Dem Gerichtshof der Europäischen Union wird zur Auslegung von Art. 9 Abs. 2 Buchst. b der Verordnung (EG) Nr. 207/2009 des Rates vom 26. Februar 2009 über die Gemeinschaftsmarke (ABl. Nr. L 78 vom 24. März 2009, S. 1) und Art. 9 Abs. 3 Buchst. b der Verordnung (EU) Nr. 2017/1001 des Europäischen Parlaments und des Rates vom 14. Juni 2017 über die Unionsmarke (ABl. Nr.
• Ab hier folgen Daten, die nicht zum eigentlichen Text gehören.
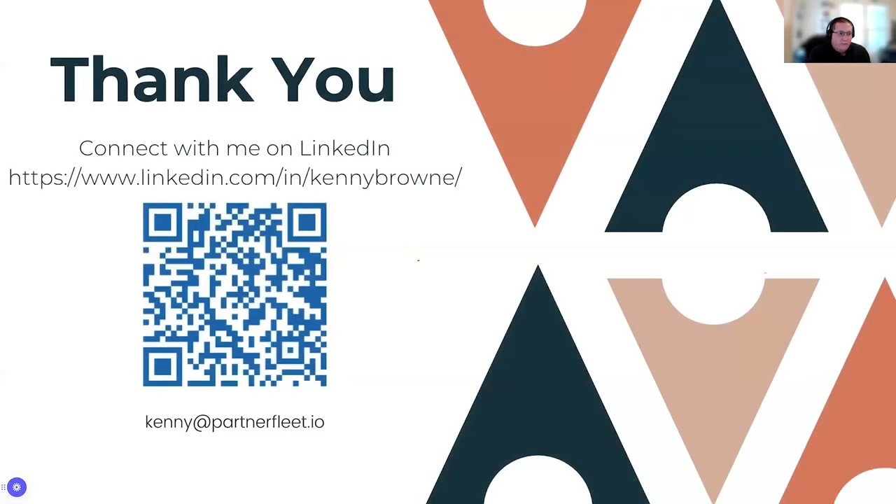I appreciate everyone who sat through all of that. Feel free to connect with me on LinkedIn or email me. There's a question from Matthew asking whether this requires a robust PRM platform to support various channels, and asking for some recommendations.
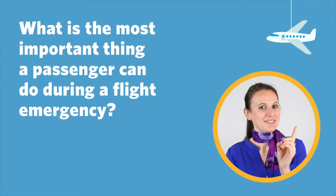What is the most important thing a passenger can do during a flight emergency? Stay calm. Yes, stay calm and breathe. Look around, be very observant of what's going on. Stay calm, but listen and follow directions.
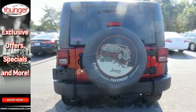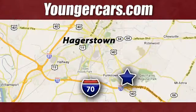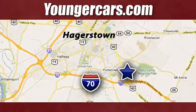See it for yourself today. Visit our website at YoungerCars.com. We're conveniently located at 1945 Dual Highway in Hagerstown, Maryland.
L 154 vom 16. Juni 2017, S. 1) folgende Frage zur Vorabentscheidung vor-gelegt:
Besitzt eine Person, die für einen Dritten markenrechtsverletzende Waren lagert, ohne vom Rechtsverstoß Kenntnis zu haben, diese Ware zum Zwecke des Anbietens oder Inverkehrbringens, wenn nicht sie selbst, sondern allein der Dritte beabsichtigt, die Ware anzubieten oder in Verkehr zu bringen?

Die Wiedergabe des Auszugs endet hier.